Na pressa de fugir das autoridades, dificilmente os contrabandistas notavam a exuberância e a beleza da flora e da fauna locais. As viagens eram realizadas, na maioria das vezes, nas estações da primavera, verão e outono. Mas tinha quem se arriscava no inverno. Val Grande tem 15.000 hectares de área habitada por cerca de 600 “camosci” (espécie de veado) e incontáveis raposas e cervos, além de gaviões e faisões e um eremita, que já faz quinze anos, evita qualquer contato com a civilização.

No centro do Parque, no maciço Pedum (2.111 metros de altitude) está um perímetro protegido por lei, onde nenhum ser humano pode entrar, a não ser alguns poucos biólogos e geólogos com licenças especiais.
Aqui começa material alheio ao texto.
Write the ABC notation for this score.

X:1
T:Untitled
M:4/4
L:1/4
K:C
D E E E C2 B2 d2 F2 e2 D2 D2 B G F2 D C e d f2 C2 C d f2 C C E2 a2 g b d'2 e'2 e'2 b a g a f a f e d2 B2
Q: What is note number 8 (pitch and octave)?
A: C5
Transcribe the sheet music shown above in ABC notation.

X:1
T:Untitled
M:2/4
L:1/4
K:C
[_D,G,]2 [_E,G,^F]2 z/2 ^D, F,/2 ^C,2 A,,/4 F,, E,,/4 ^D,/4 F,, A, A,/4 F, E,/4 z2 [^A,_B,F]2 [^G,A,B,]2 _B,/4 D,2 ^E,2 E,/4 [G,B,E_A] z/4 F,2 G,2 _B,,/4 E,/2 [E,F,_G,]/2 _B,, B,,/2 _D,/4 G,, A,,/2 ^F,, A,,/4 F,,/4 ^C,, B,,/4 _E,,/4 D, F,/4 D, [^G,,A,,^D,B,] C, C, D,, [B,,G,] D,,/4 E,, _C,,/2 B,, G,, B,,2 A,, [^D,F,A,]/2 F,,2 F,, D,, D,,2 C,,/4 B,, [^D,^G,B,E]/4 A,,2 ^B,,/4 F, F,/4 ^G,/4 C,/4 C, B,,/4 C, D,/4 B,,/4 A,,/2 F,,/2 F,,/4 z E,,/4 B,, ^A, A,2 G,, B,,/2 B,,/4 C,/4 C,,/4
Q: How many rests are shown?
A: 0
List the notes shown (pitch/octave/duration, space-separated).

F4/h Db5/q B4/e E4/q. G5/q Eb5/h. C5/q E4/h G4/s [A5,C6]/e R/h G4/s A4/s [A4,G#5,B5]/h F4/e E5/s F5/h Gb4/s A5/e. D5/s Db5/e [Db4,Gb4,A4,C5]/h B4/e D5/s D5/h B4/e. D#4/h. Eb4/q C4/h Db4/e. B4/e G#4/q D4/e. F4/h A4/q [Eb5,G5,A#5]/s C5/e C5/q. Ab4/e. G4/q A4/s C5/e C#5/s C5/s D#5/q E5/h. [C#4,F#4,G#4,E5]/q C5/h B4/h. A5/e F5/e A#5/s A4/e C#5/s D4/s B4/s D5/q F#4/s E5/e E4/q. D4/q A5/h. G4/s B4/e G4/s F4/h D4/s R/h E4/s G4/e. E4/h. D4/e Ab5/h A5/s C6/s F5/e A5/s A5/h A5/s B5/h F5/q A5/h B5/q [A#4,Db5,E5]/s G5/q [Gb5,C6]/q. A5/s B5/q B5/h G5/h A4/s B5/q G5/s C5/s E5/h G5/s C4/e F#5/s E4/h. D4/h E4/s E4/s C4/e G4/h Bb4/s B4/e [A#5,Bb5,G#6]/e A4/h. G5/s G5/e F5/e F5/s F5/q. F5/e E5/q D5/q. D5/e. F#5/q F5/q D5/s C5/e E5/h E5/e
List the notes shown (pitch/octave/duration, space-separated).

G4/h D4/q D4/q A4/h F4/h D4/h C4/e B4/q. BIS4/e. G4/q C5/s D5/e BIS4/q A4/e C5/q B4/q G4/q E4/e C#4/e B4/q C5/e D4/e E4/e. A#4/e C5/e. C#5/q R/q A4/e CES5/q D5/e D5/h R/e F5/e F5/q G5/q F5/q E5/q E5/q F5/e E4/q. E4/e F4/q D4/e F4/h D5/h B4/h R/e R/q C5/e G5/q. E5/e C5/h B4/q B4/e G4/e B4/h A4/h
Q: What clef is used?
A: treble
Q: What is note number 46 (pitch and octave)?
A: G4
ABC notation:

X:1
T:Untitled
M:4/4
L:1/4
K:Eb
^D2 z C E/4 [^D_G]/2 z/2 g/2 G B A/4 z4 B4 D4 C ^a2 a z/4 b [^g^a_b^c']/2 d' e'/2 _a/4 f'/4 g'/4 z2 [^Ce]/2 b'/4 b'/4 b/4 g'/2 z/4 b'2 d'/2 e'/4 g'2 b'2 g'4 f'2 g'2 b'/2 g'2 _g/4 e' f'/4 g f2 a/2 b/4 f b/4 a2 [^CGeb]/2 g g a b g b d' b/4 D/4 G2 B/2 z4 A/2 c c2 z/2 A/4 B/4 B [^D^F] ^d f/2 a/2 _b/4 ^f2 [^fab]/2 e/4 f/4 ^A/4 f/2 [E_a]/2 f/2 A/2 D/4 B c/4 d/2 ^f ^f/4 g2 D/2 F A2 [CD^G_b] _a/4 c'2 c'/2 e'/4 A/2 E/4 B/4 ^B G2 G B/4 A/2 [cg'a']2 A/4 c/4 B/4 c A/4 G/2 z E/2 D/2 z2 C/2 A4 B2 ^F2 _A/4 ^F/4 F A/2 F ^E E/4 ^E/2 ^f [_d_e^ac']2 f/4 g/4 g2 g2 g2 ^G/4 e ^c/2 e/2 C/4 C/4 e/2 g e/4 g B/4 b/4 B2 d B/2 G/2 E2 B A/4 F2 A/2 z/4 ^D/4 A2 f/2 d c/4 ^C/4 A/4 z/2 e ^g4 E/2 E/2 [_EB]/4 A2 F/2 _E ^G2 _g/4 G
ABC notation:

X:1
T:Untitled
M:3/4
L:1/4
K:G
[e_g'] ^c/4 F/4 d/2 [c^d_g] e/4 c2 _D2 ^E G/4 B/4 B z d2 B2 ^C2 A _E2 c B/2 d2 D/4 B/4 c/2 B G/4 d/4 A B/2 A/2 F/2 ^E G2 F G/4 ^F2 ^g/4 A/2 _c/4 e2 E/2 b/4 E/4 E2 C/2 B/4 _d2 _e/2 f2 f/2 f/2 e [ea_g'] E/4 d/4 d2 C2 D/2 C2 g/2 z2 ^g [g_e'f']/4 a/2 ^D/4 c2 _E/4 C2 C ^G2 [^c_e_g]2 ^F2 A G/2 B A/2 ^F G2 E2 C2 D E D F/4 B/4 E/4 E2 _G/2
Durante a travessia completa ninguém morre de sede. Pelo menos 40 riachos e fontes de água brotam e cruzam nas trilhas. Pode-se matar a fome com a pesca. As trutas reinam nos rios Ragozzale e Val Serena, em Val Gabbio, de águas gélidas e de cor verde-esmeralda, bem na divisa do parque com o maciço.

Infra-estrutura para turistas

Mas o tempo da caça e da pesca pertence ao passado. Hoje, pelo menos dois refúgios estão equipados para receber os visitantes durante um pernoite. A cruzada pelo Parque Nacional dura cerca de dois dias a três, dependendo da condição física da pessoa. Saindo de Masello se dorme no abrigo Scaredi, após uma longa subida íngreme. De manha bem cedo é possível admirar, desde que o tempo permita, os primeiros raios da manhã atrás da montanha Galenstock, no lado suíço, nascente do rio Ródano. Um espetáculo único, pois o pico à altura de 3.560 metros de altitude esconde a metade do sol, e ele surge como se fosse uma meia lua dourada.

A caminhada prossegue, por sete horas, entre aclives e declives, gargantas e “canyons” até o abrigo de Colma de Premosello, a 1.728 metros de altitude, onde se dorme a segunda noite. Deste ponto se tem uma fantástica vista da face norte do Monte Rosa. Mais uma vez, a alvorecer do dia justifica o nome da montanha que parece filtrar todas as cores do arco-íris num rosa límpido e claro. A esta altura e hora do passeio as nuvens baixas cobrem o vale de Colloro e de Premosello, como se ainda envolvessem e protegessem os contrabandistas de uma época não muito distante.